X_train, X_test, y_train, y_test = train_test_split(X, y, test_size=0.2, random_state=45)

In [31]:
print(X.shape, X_train.shape, X_test.shape)

(1338, 6) (1070, 6) (268, 6)


In [32]:
print(y.shape, y_train.shape, y_test.shape)

(1338,) (1070,) (268,)


### Model Comparison : Training & Evaluation

In [33]:
# For Model Building
from sklearn.linear_model import LinearRegression, Lasso, Ridge
from sklearn.svm import SVR
from sklearn.tree import DecisionTreeRegressor
from sklearn.ensemble import RandomForestRegressor
from sklearn.metrics import mean_absolute_error, mean_squared_error, r2_score

In [34]:
models = [LinearRegression, Lasso, Ridge, SVR, DecisionTreeRegressor, RandomForestRegressor]
mae_scores = []
mse_scores = []
rmse_scores = []
r2_scores = []

for model in models:
    regressor = model().fit(X_train, y_train)
    y_pred = regressor.predict(X_test)
    
    mae_scores.append(mean_absolute_error(y_test, y_pred))
    mse_scores.append(mean_squared_error(y_test, y_pred))
    rmse_scores.append(mean_squared_error(y_test, y_pred, squared=False))
    r2_scores.append(r2_score(y_test, y_pred))

In [35]:
regression_metrics_df = pd.DataFrame({
    "Model": ["Linear Regression", "Lasso", "Ridge", "SVR", "Decision Tree Regressor", "Random Forest Regressor"],
    "Mean Absolute Error": mae_scores,
    "Mean Squared Error": mse_scores,
    "Root Mean Squared Error": rmse_scores,
    "R-squared (R2)": r2_scores
})

regression_metrics_df.set_index('Model', inplace=True)
regression_metrics_df

Unnamed: 0_level_0,Mean Absolute Error,Mean Squared Error,Root Mean Squared Error,R-squared (R2)
Model,Unnamed: 1_level_1,Unnamed: 2_level_1,Unnamed: 3_level_1,Unnamed: 4_level_1
Linear Regression,4443.153507,38558410.0,6209.541743,0.702062
Lasso,4442.786725,38556460.0,6209.385131,0.702077
Ridge,4443.686088,38548390.0,6208.734949,0.70214
SVR,7722.482857,142553800.0,11939.588349,-0.101502
Decision Tree Regressor,3154.081196,43916790.0,6626.974239,0.660658
Random Forest Regressor,2861.591495,24024010.0,4901.429708,0.814368


### Inference

In the context of medical insurance cost prediction,
- Among the models evaluated, Linear Regression, Lasso, and Ridge Regression exhibit similar levels of accuracy, with Mean Absolute Errors (MAE) around 4443 and R-squared values around 0.70. These models offer a reasonably good fit to the data and could be suitable for estimating insurance costs.
- However, the Support Vector Regressor (SVR) performs significantly worse, with a much higher MAE and a negative R-squared value, suggesting that it struggles to capture the underlying patterns in the data.

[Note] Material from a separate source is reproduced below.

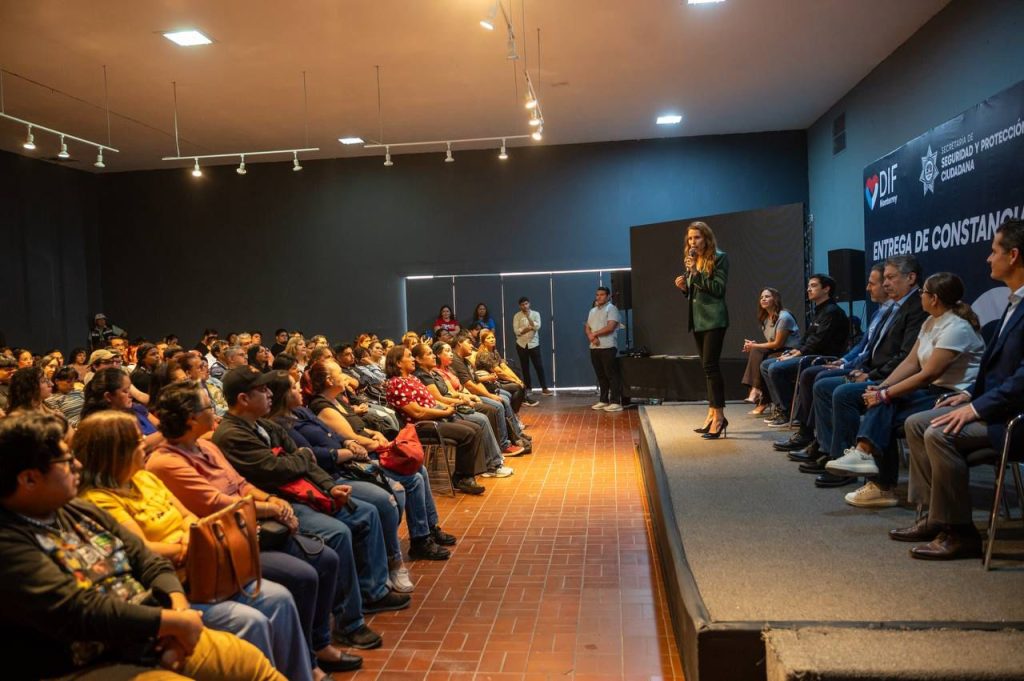 Maneja-seguro-conductores-capacitados-cultura-vial-arena-monterrey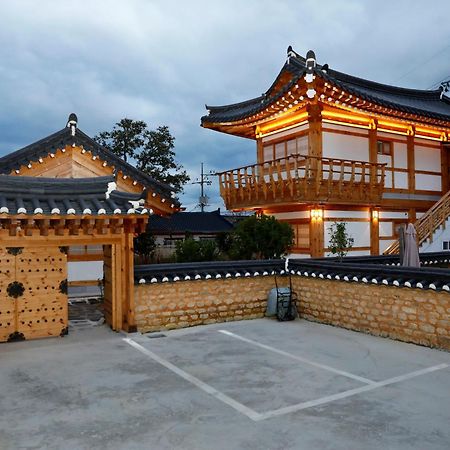 Hanok Stay Mokhyang Gyeongju Exterior photo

Therefore, it may not be an appropriate choice for this prediction task.
- The Decision Tree Regressor and Random Forest Regressor show promising results, with lower MAE values and higher R-squared values, indicating their ability to capture complex relationships within the data. These models may offer superior performance in estimating medical insurance costs and could be worth further exploration and fine-tuning.

In summary, for medical insurance cost prediction, the **Random Forest Regressor** seems to be the most promising model, providing accurate estimates with a low MAE and a high R-squared value, making it a potential choice for practical implementation.